5 Stages of A Bubble

What Is a Bubble?

A basic characteristic of financial bubbles is the suspension of disbelief by most participants when the speculative price surge is occurring: It's only in retrospect, after the bubble has burst, that they're recognized (to many an investor's chagrin). Nevertheless, some economists have identified five stages of a bubble—a pattern to its rise and fall—that could prevent the unwary from getting caught in its deceptive clutches.

Key Takeaways

  • Bubble, in an economic context, generally refers to a situation where the price for something—an individual stock, a financial asset, or even an entire sector, market, or asset class—exceeds its fundamental value by a large margin.
  • Financial bubbles, aka asset bubbles or economic bubbles, fit into four basic categories: stock market bubbles, market bubbles, credit bubbles, and commodity bubbles.
  • Bubbles are deceptive and unpredictable, but understanding the five stages they characteristically go through can help investors prepare for them.
  • The five steps in the lifecycle of a bubble are displacement, boom, euphoria, profit-taking, and panic.
  • The damage caused by the bursting of a bubble depends on the economic sector(s) involved, whether the extent of participation is widespread or localized, and to what extent debt fueled the investments that inflated the bubble.

Economic Bubbles

The term "bubble," in an economic context, generally refers to a situation where the price for something—an individual stock, a financial asset, or even an entire sector, market, or asset class—exceeds its fundamental value by a large margin.
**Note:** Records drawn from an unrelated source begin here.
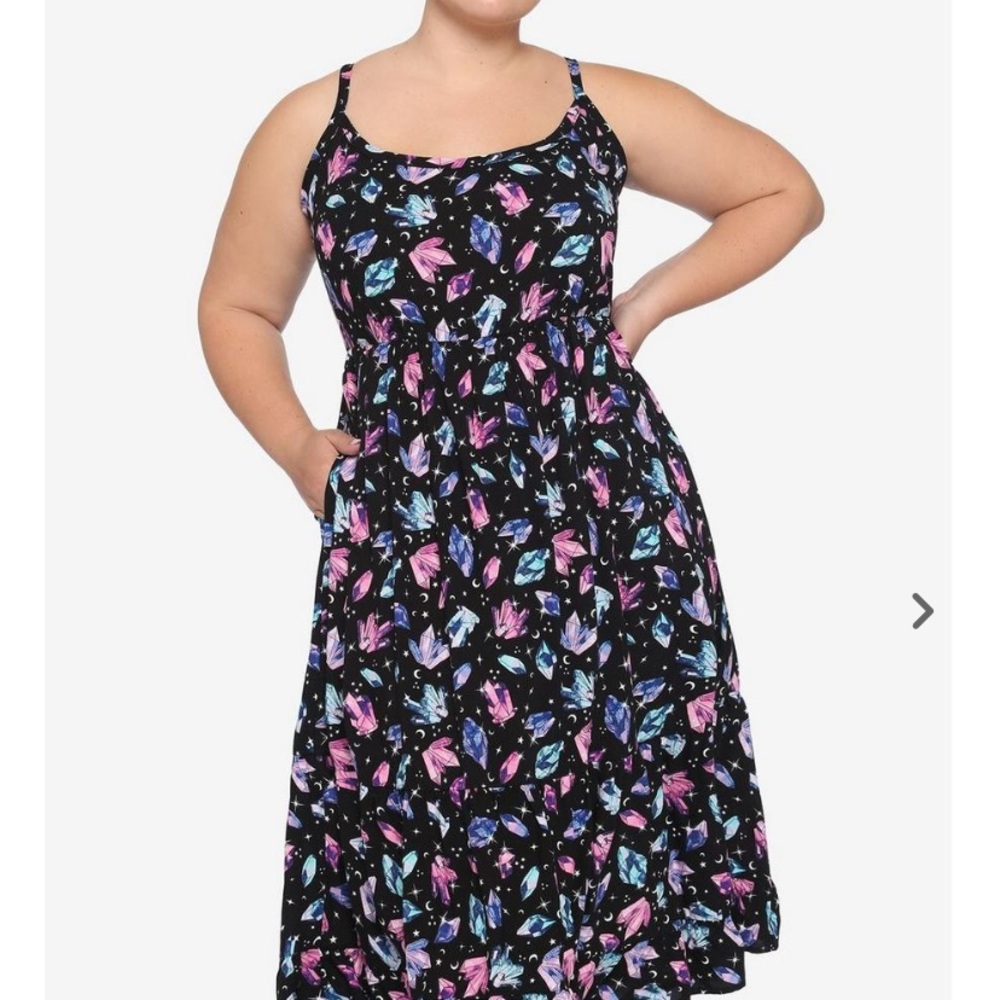 Hot Topic crystal print tiered midi dress.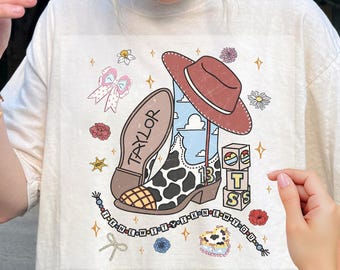 Pegatinas DTF vintage de Disney, pegatinas DTF de la amistad de Toy Story 5, pegatinas DTF de Woody y Buzz Lightyear, pegatinas familiares a juego de Toy Story de Disneyland, pegatinas DTF, listas para imprimir.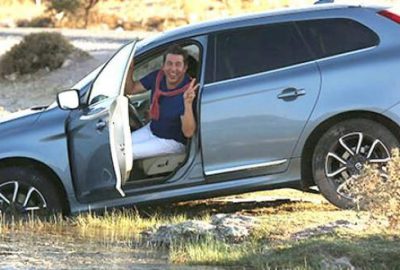 Arabası göldeyken böyle poz verdi!
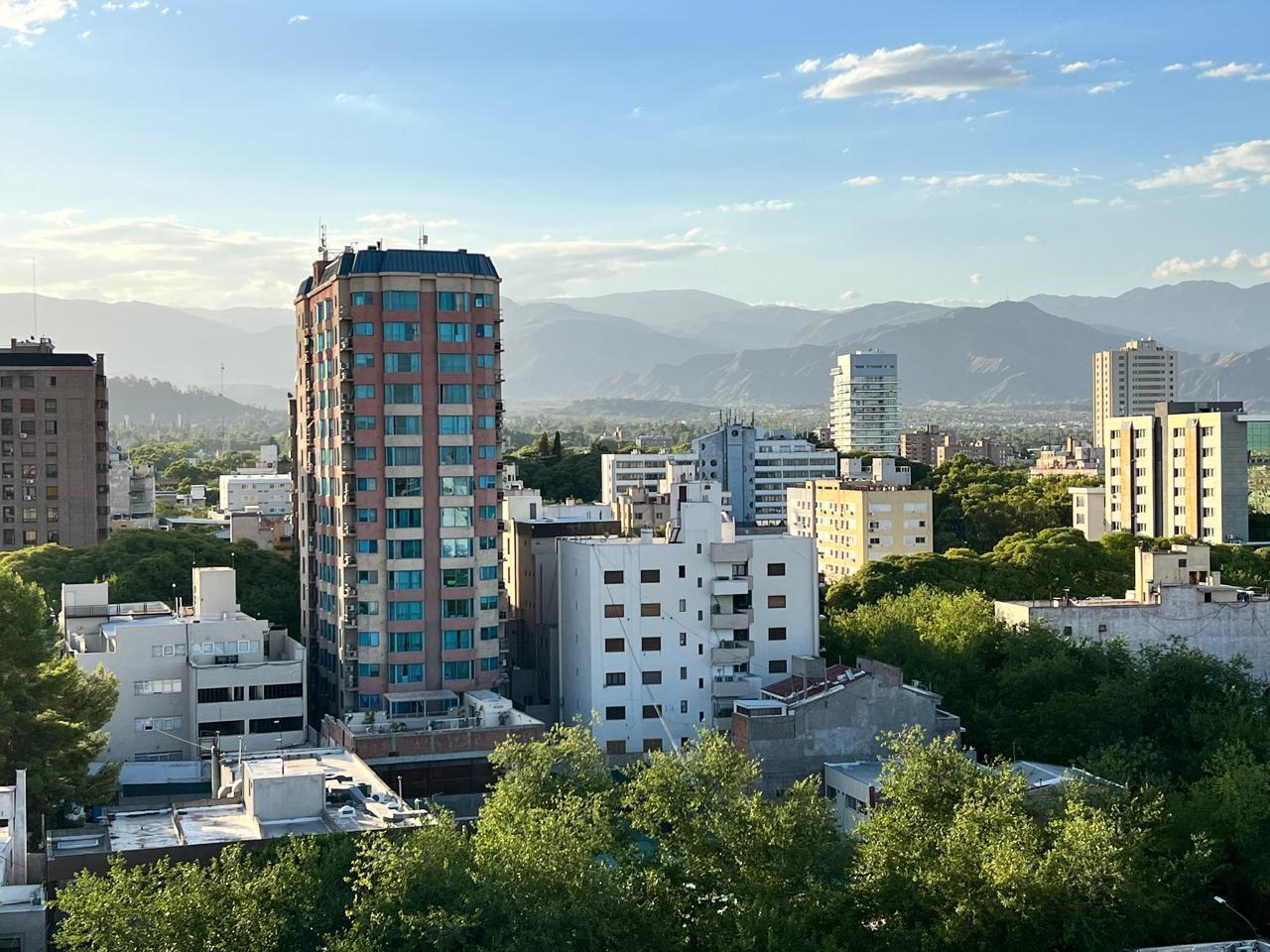 Foto de Departamento en Ciudad de Mendoza edificio Presidente calle España, imagen 3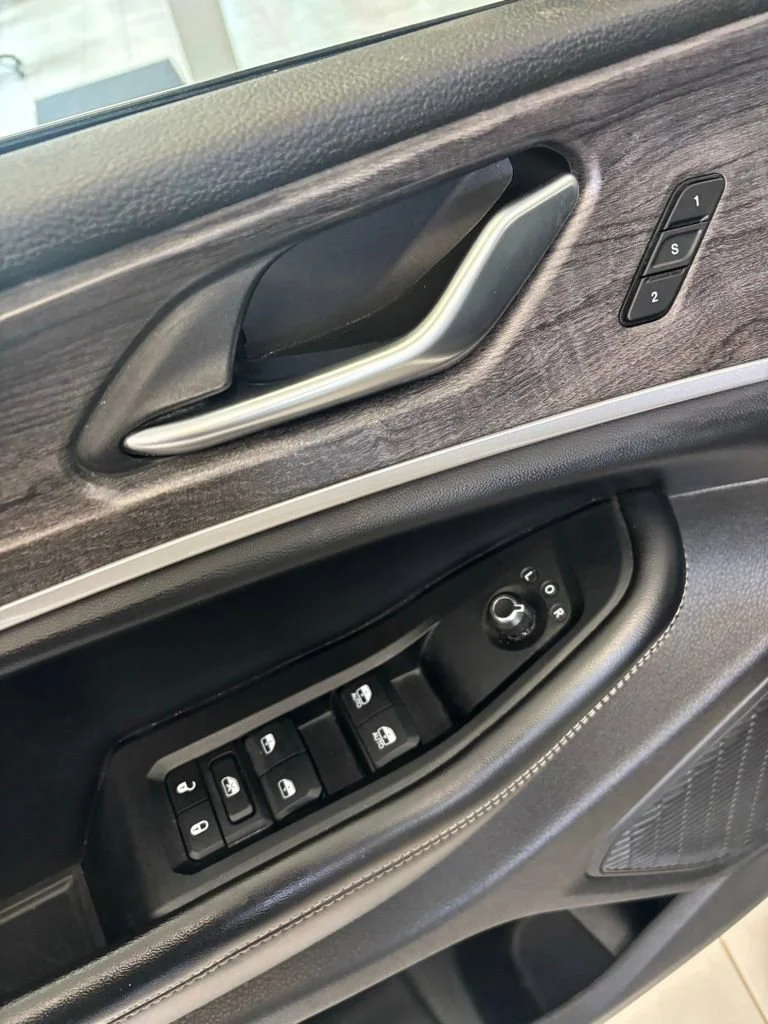 2023 Jeep Grand Cherokee Limited - Photo 10
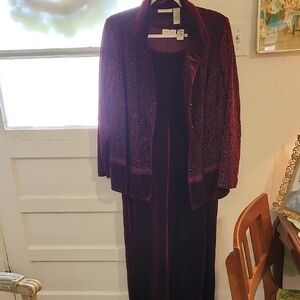 Studio Burgundy Velvet Ensemble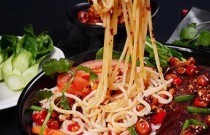 一碗過橋米線如何成就創業夢？燙手秘籍大公開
Because speculative demand, rather than intrinsic worth, fuels the inflated prices, the bubble eventually but inevitably pops, and massive sell-offs cause prices to decline, often quite dramatically. In most cases, in fact, a speculative bubble is followed by a spectacular crash in the securities in question.

The damage caused by the bursting of a bubble depends on the economic sector(s) involved, and also whether the extent of participation is widespread or localized. For example, the bursting of the equity and real estate bubbles in Japan in 1989–1992 led to a prolonged period of stagnation for the Japanese economy—so long that the 1990s are referred to as the Lost Decade. In the U.S., the burst of the dotcom bubble in 2000 and the residential real estate bubble in 2008 led to severe recessions.

Types of Asset Bubbles

Theoretically, there is an infinite number of asset bubbles—after all, a speculative frenzy can arise over anything, from cryptocurrencies like Bitcoin & Dogecoin to meme stocks like Gamestop & AMC to housing prices to tulip bulbs (just to cite a couple of real-life examples). But in general, asset bubbles can be broken down into four basic categories:

  • Stock market bubbles involve equities—shares of stocks that rise rapidly in price, often out of proportion to their companies' fundamental value (their earnings, assets, etc.). These bubbles can include the overall stock market, exchange-traded funds (ETFs), or equities in a particular field or market sector—like Internet-based businesses, which fueled the dotcom bubble of the late 1990s.
  • Asset Market bubbles involve other industries or sections of the economy, outside of the equities market. Real estate is a classic example. Run-ups in currencies, either traditional ones like the US dollar or euro or cryptocurrencies like Bitcoin or Litecoin, could also fall into this bubble category.
  • Credit bubbles involve a sudden surge in consumer or business loans, debt instruments, and other forms of credit. Specific examples of assets include corporate bonds or government bonds (like US Treasuries), student loans, or mortgages.
  • Commodity bubbles involve an increase in the price of traded commodities, "hard"—that is, tangible—materials and resources, such as gold, oil, industrial metals, or agricultural crops.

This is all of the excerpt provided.